The tone of this article towards slavery was clearly negative, yet it was not shrill. It argued that slavery had been imposed upon people who did not want it, and that the controversy would disappear if Democrats did not agitate the issue. Democratic aggressiveness in promoting slavery, the Repository editors contended, was proof of their desire to "aggravate the political disorders to the utmost."

EXCERPT:

"Mr. Buchanan and the Administration sought by the most outrages [sic] measures, to establish Slavery in Kansas in the face of a popular majority of 10,000 against it. He stood by the Lecompton Constitution to the last, and stands by it now."

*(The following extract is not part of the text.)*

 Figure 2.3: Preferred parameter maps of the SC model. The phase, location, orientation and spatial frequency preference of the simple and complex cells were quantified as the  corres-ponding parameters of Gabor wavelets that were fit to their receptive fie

"The Administration backs the Slave Power not only in those of its aggresssions which promise favorable results, but yields to its malignant dictates where apparently it only seeks to humiliate those who oppose its universal sway."

Full-text web version of newspaper

Points of Analysis to this Data:

"In the first half of 1860 Republican editors in Franklin's Repository and Transcript attacked slavery as a violation of nature that stole from the workingman the fruits of his labor; they focused mainly on slavery's potential to undermine free labor."